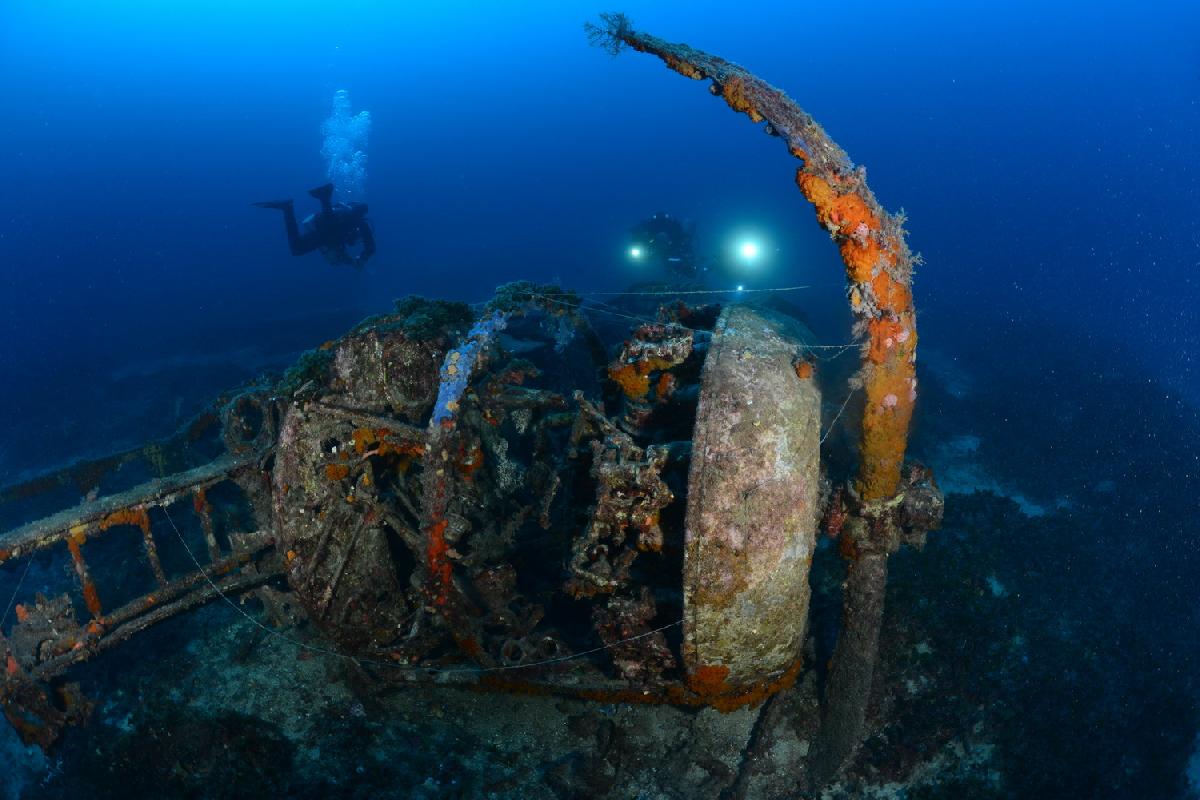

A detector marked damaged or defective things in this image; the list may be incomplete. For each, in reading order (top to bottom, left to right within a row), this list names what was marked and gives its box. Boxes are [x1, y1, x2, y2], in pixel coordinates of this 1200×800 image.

rusted metal frame [28, 563, 283, 681]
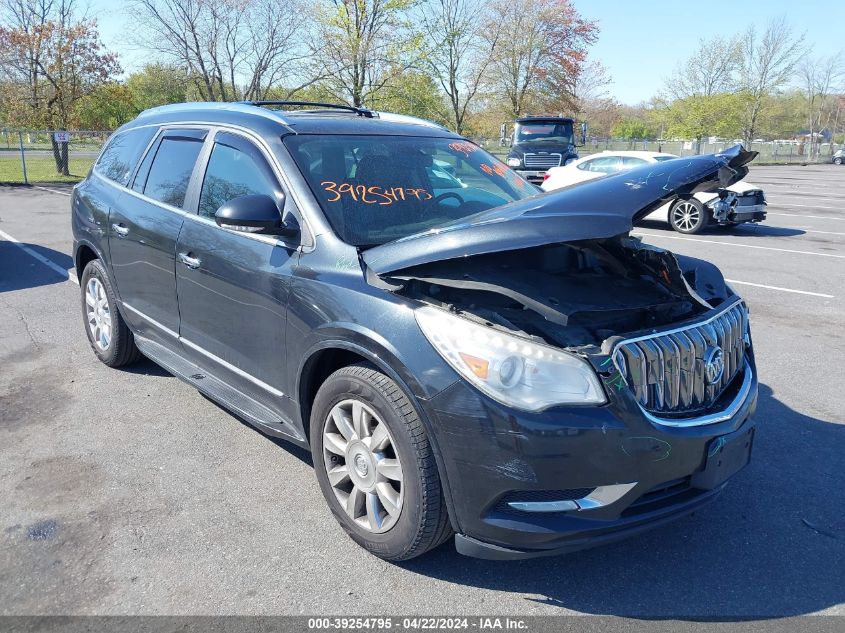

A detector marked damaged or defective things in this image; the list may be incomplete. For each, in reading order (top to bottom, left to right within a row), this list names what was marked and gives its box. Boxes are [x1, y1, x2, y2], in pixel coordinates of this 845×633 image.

crumpled hood [366, 144, 756, 276]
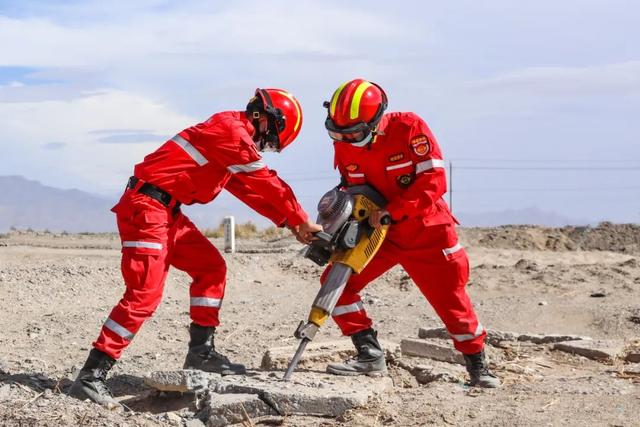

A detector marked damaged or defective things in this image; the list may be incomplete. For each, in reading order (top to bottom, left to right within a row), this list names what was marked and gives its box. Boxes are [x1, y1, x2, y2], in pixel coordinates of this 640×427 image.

▶ **Requirement**:
Leaving the pictures out, copy exactly the lines from the line that contains "this 845×633 image." to the last line of the data, both ends included.

▶ **Exercise answer**:
A detector marked damaged or defective things in this image; the list may be incomplete. For each, in reading order (top to bottom, left to right within a row), this list names what was marked and gives its box. Boxes are [x1, y1, x2, y2], in pixel coordinates of this 845×633 image.

crumpled hood [366, 144, 756, 276]

A detector marked damaged or defective things in this image; the list may be incomplete. For each, in reading order (top to bottom, left to right within a row), this list names what was marked and gives its box. Boxes are [x1, y1, x2, y2], in pixel coordinates of this 640×427 image.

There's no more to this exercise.